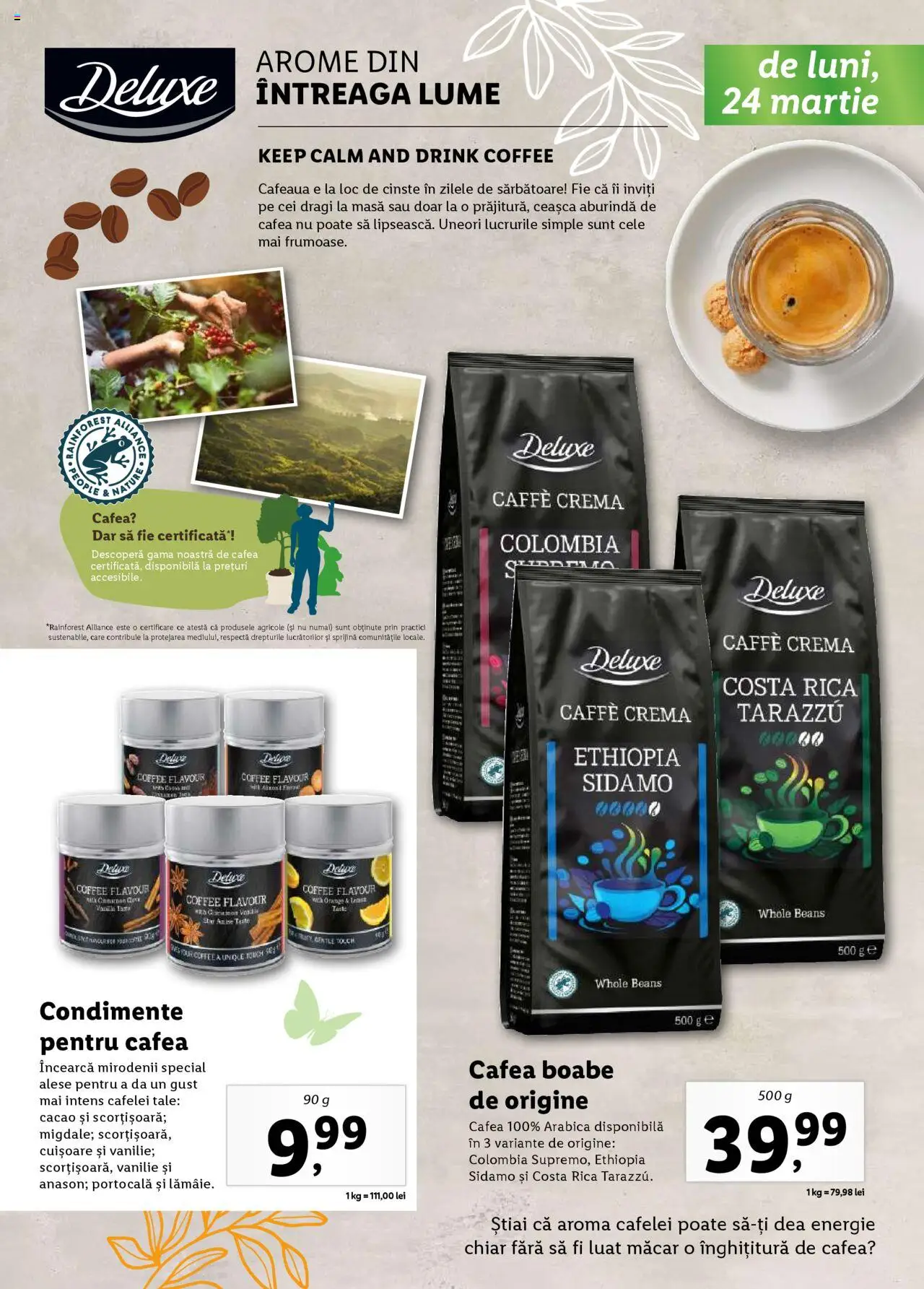 Catalog LIDL 24 Martie - 20 Aprilie 2025 | Pagina 19 | Produse: Cremă, Cafea, Condimente, Sos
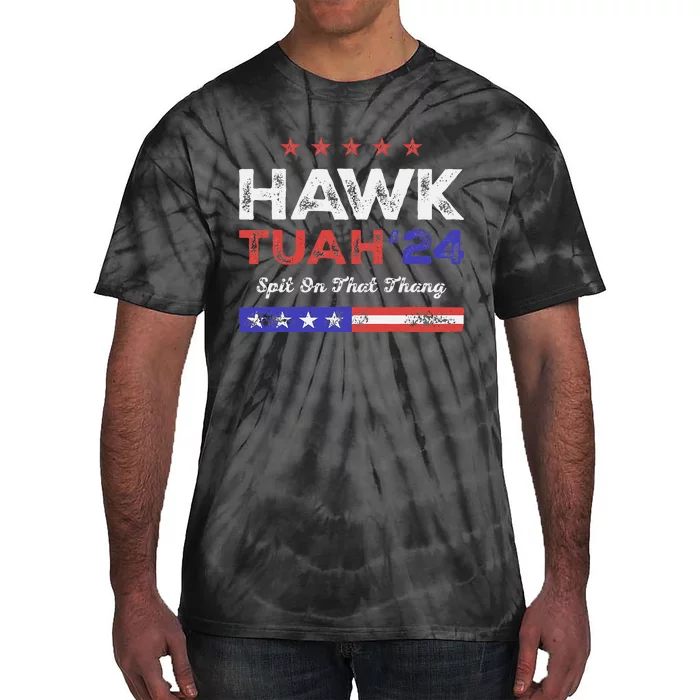 Funny Hawk Tuah 24 Spit On That Thang Tie-Dye T-Shirt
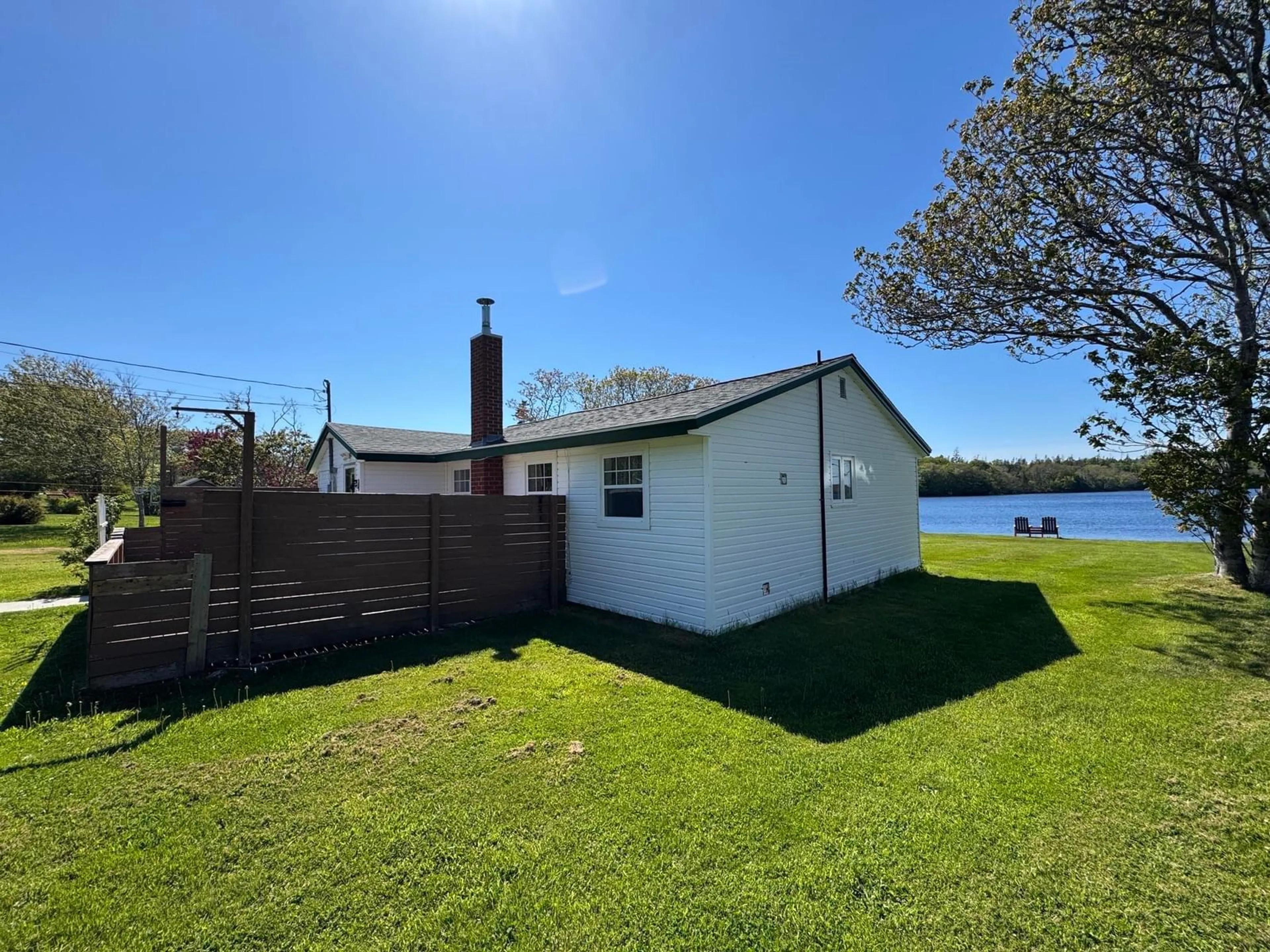 A pic from outside/outdoor area/front of a property/back of a property/a pic from drone, water/lake/river/ocean view for 108 Pembroke Rd, Pembroke Nova Scotia B5A 5H3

→ What this task involves: All of the listing should be transcribed exactly, but none of its images.

→ Written answer:
 Catalog LIDL 24 Martie - 20 Aprilie 2025 | Pagina 19 | Produse: Cremă, Cafea, Condimente, Sos
 Funny Hawk Tuah 24 Spit On That Thang Tie-Dye T-Shirt
 A pic from outside/outdoor area/front of a property/back of a property/a pic from drone, water/lake/river/ocean view for 108 Pembroke Rd, Pembroke Nova Scotia B5A 5H3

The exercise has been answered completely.